**YOUR TASK**
Shown below are entries with pictures; the line with "Aix les Bains" through the line with "One of the things" is the span to retype exactly, and the pictures stay out.
====== RECORDS SHOWN ======
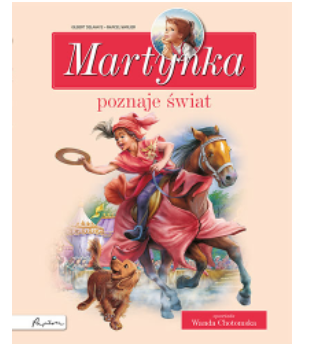 MARTYNKA POZNAJE ŚWIAT GILBERT DELAHAYE NOWA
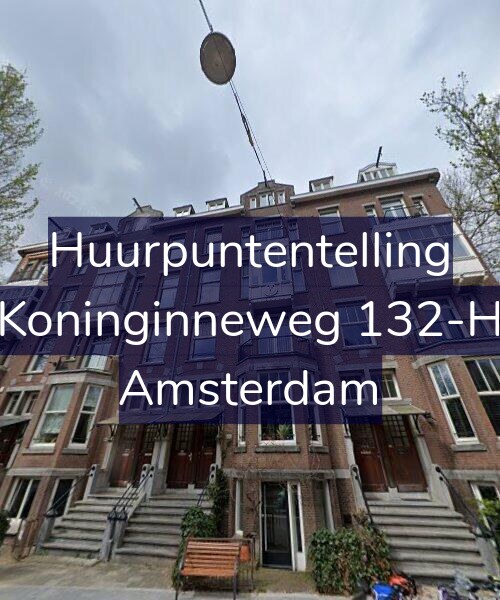 Foto gevel Huurpuntentelling voor Koninginneweg 132-H, Amsterdam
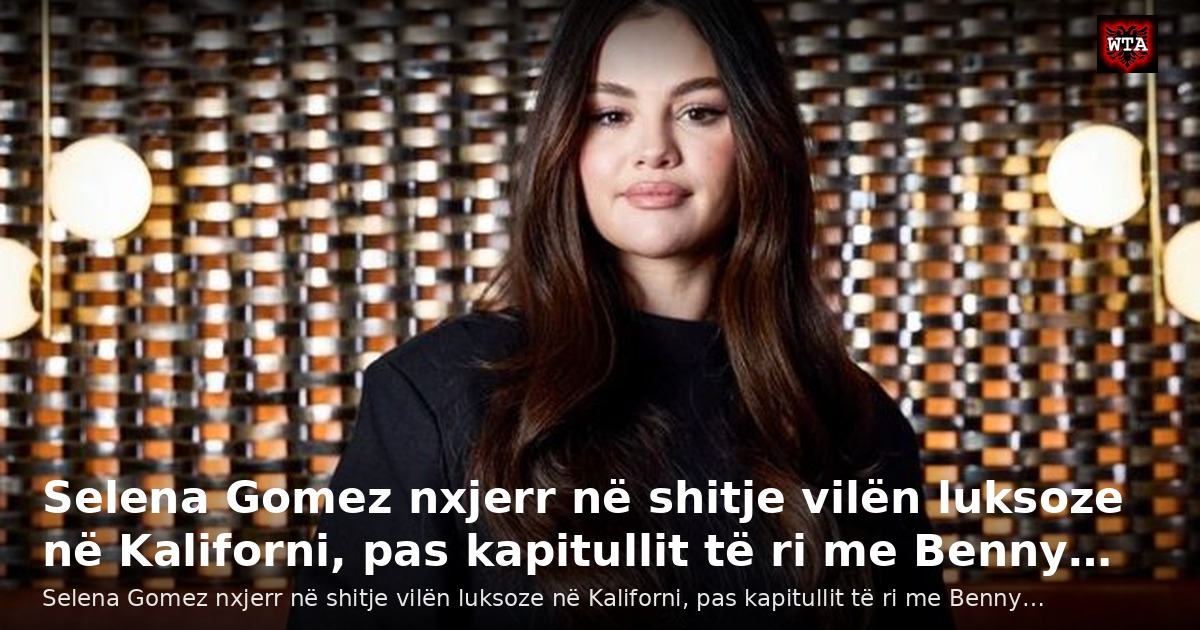 Selena Gomez nxjerr në shitje vilën luksoze në Kaliforni, pas kapitullit të ri me Benny…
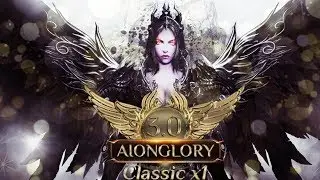 Aion Glory 3.0 Возвращение Легенды.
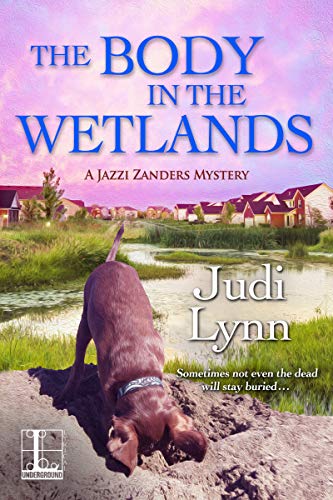 The Body in the Wetlands (A Jazzi Zanders Mystery Book 2)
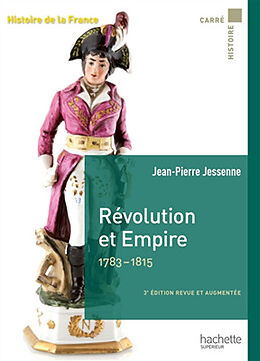 Broché Histoire de la France. Révolution et Empire, 1783-1815 : Capes, agrégation 2015-2016 de Jean-Pierre Jessenne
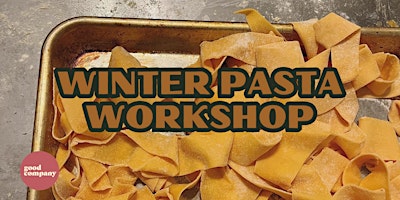 Winter Pasta Workshop primary image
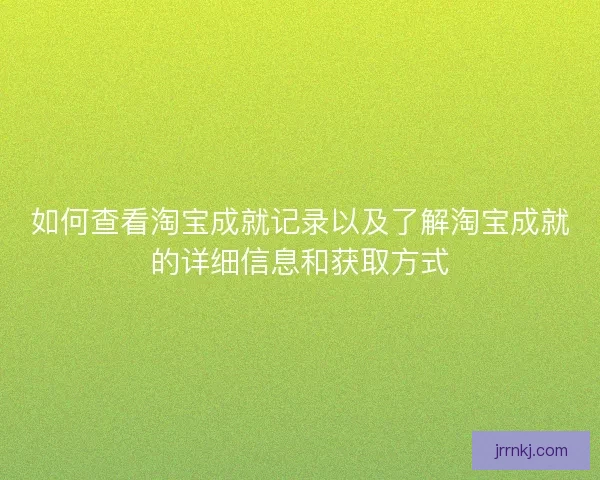 如何查看淘宝成就记录以及了解淘宝成就的详细信息和获取方式 如何查看淘宝成就记录以及了解淘宝成就的详细信息和获取方式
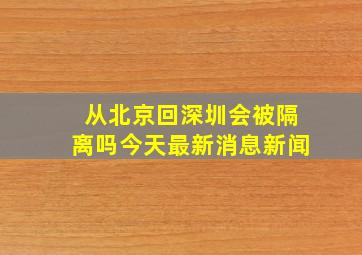 从北京回深圳会被隔离吗今天最新消息新闻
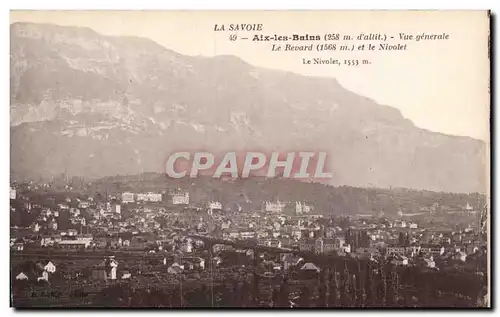 Aix les Bains - Vue Generale le Revard et le Nivolet - Cartes postales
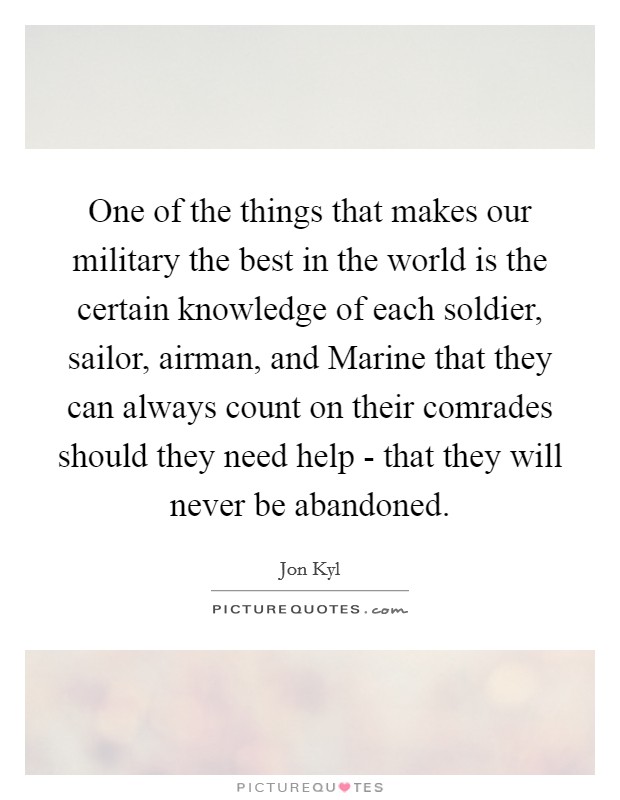 One of the things that makes our military the best in the world is the certain knowledge of each soldier, sailor, airman, and Marine that they can always count on their comrades should they need help - that they will never be abandoned. Picture Quote #1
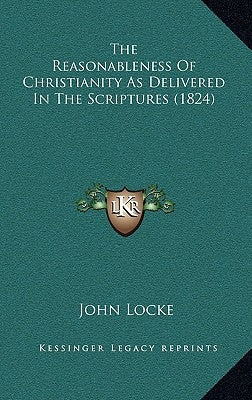 The Reasonableness Of Christianity As Delivered In The Scriptures (1824) by Locke, John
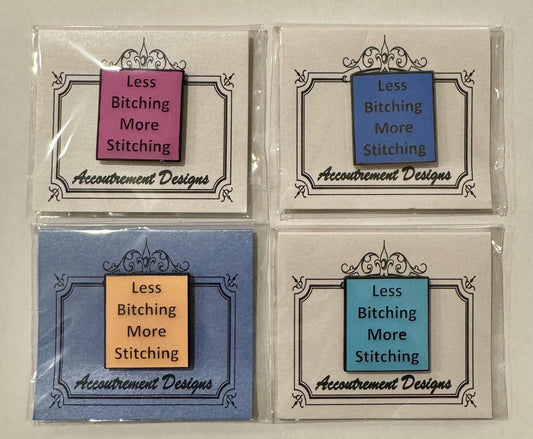 Less Bitching More Stitching needle minder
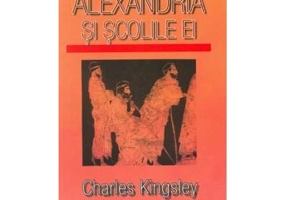Alexandria si scolile ei - Charles Kingsley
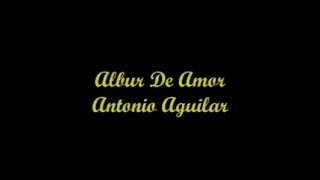 Albur De Amor  Antonio Aguilar Letra  Lyrics [upl. by Jamnis]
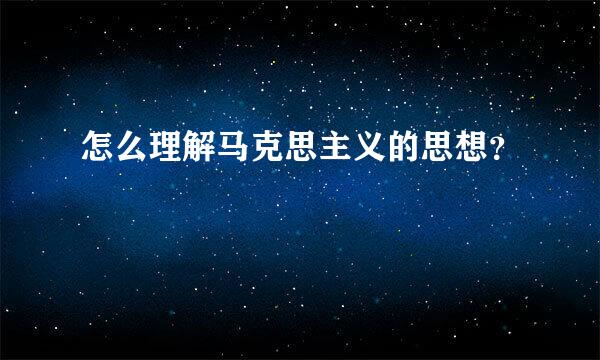 怎么理解马克思主义的思想？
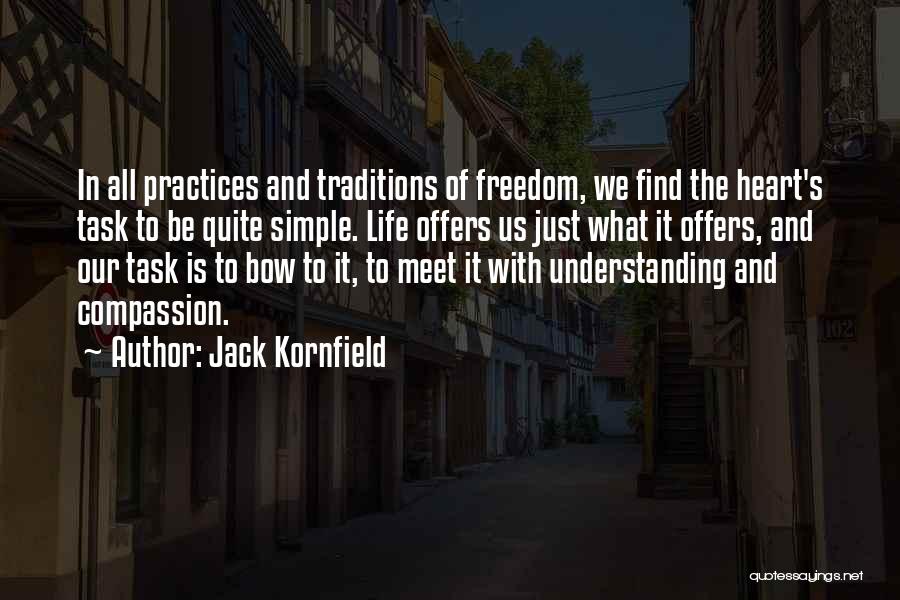 Simple Task Quotes By Jack Kornfield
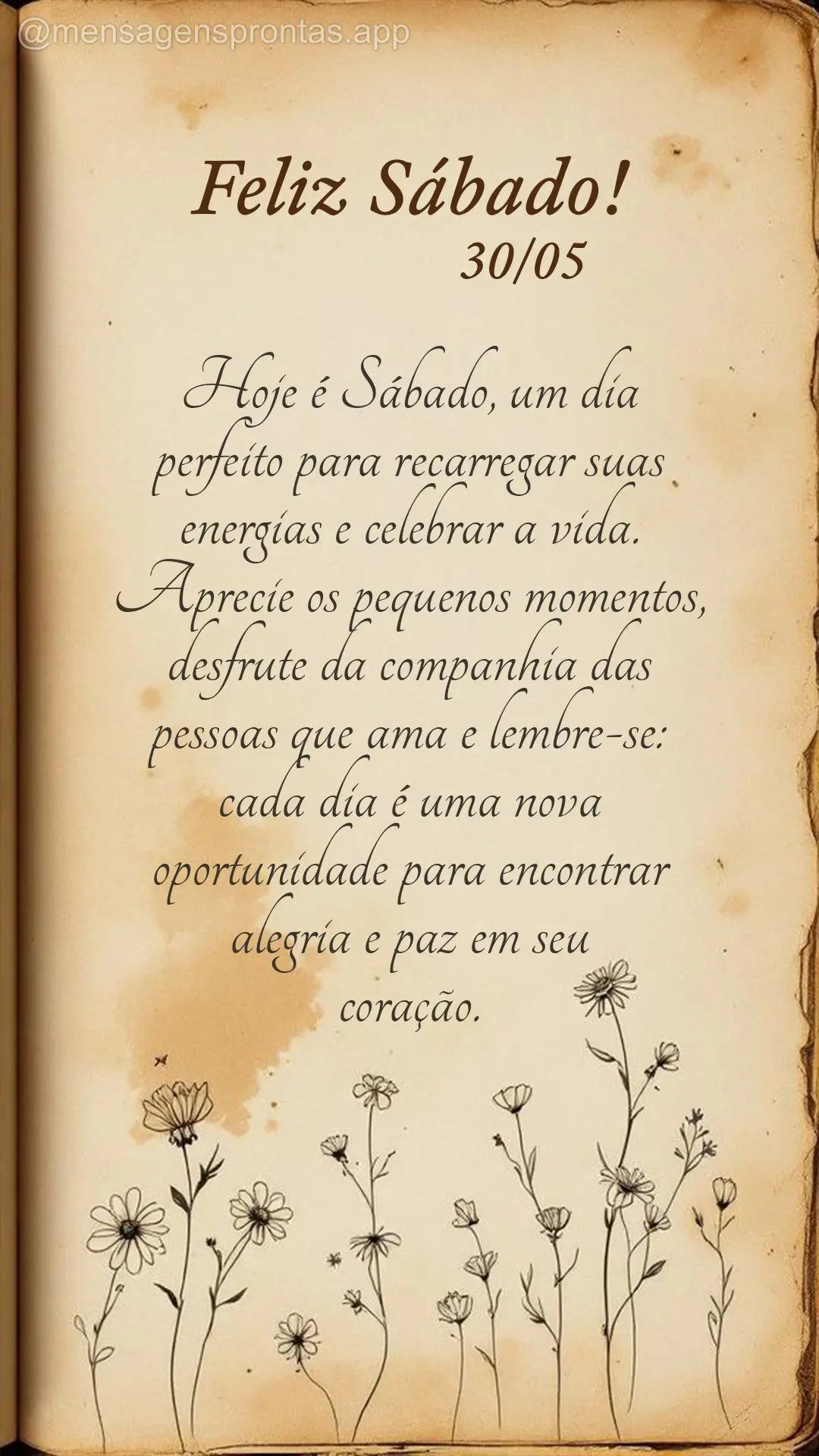 Hoje é sábado, um dia perfeito para recarregar suas energias e celebrar a vida. Aprecie os pequenos momentos, desfrute da companhia das pessoas que ama...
======
**TASK RESULT**
 Aix les Bains - Vue Generale le Revard et le Nivolet - Cartes postales
 One of the things that makes our military the best in the world is the certain knowledge of each soldier, sailor, airman, and Marine that they can always count on their comrades should they need help - that they will never be abandoned. Picture Quote #1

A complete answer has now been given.